YOUR GOAL.
Retype, without pictures, the line holding "Self-Portrait Self Portrait" and each line below it through the final line.

[Short text fragments from websites]

*****

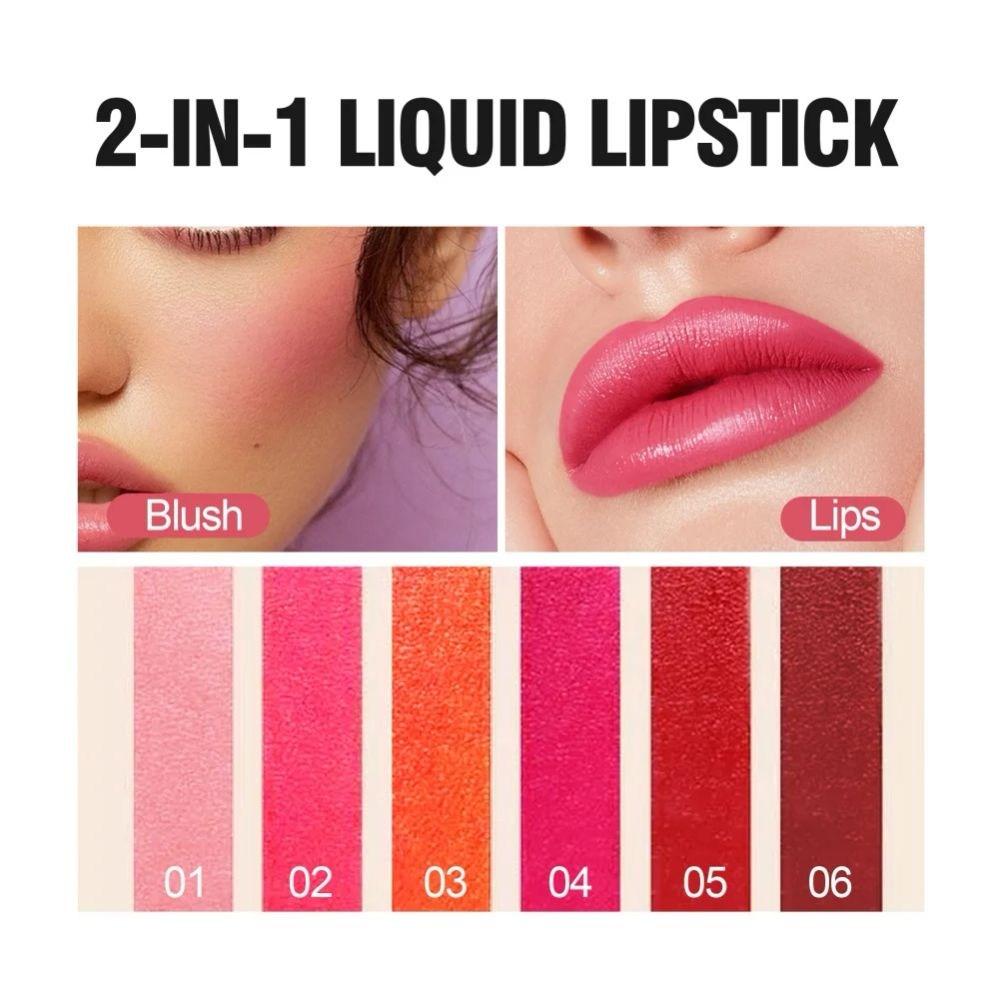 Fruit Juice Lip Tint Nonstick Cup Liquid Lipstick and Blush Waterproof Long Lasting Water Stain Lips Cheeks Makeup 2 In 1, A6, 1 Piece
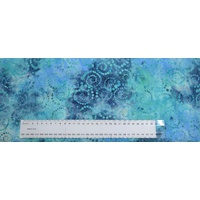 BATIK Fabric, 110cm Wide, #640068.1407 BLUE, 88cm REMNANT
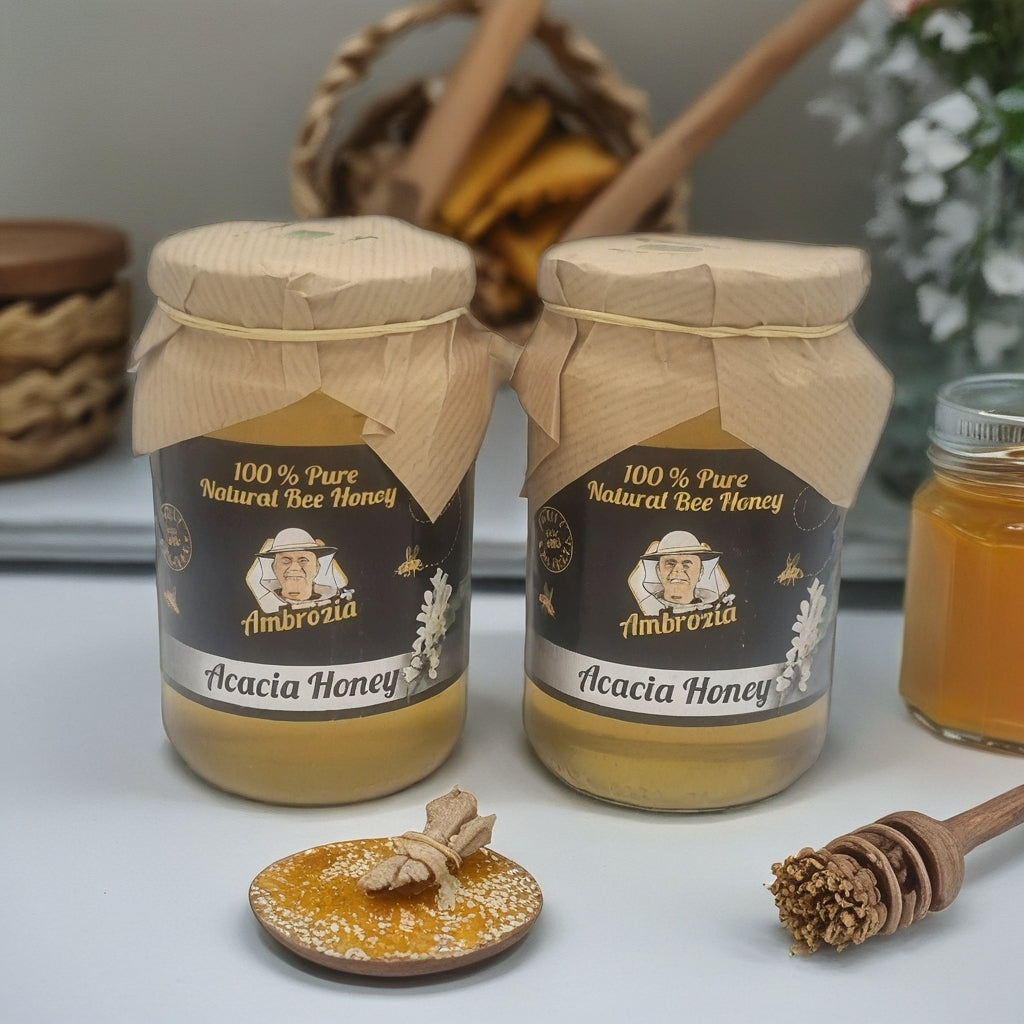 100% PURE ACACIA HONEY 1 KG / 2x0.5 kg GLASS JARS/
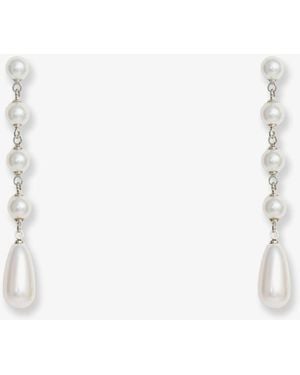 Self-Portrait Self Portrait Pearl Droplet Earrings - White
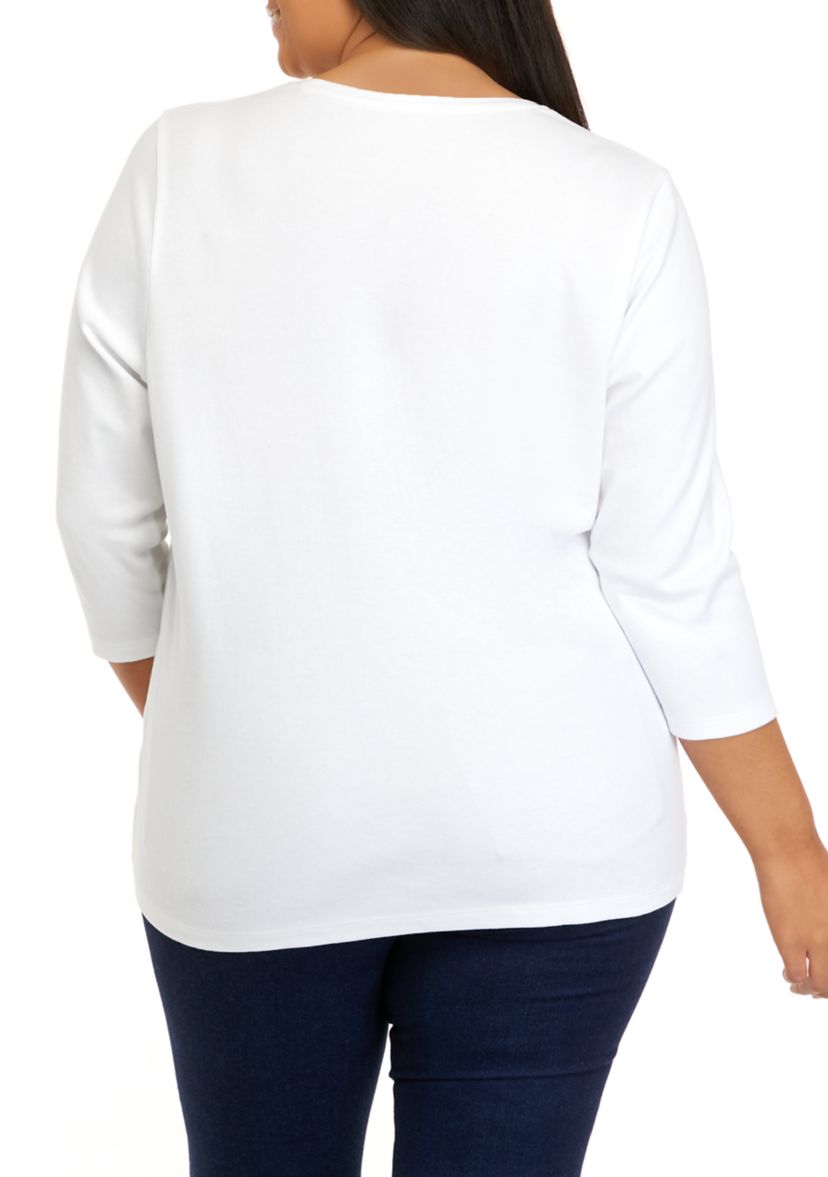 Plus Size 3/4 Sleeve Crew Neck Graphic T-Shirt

*****

OUTPUT BELOW.
 Self-Portrait Self Portrait Pearl Droplet Earrings - White
 Plus Size 3/4 Sleeve Crew Neck Graphic T-Shirt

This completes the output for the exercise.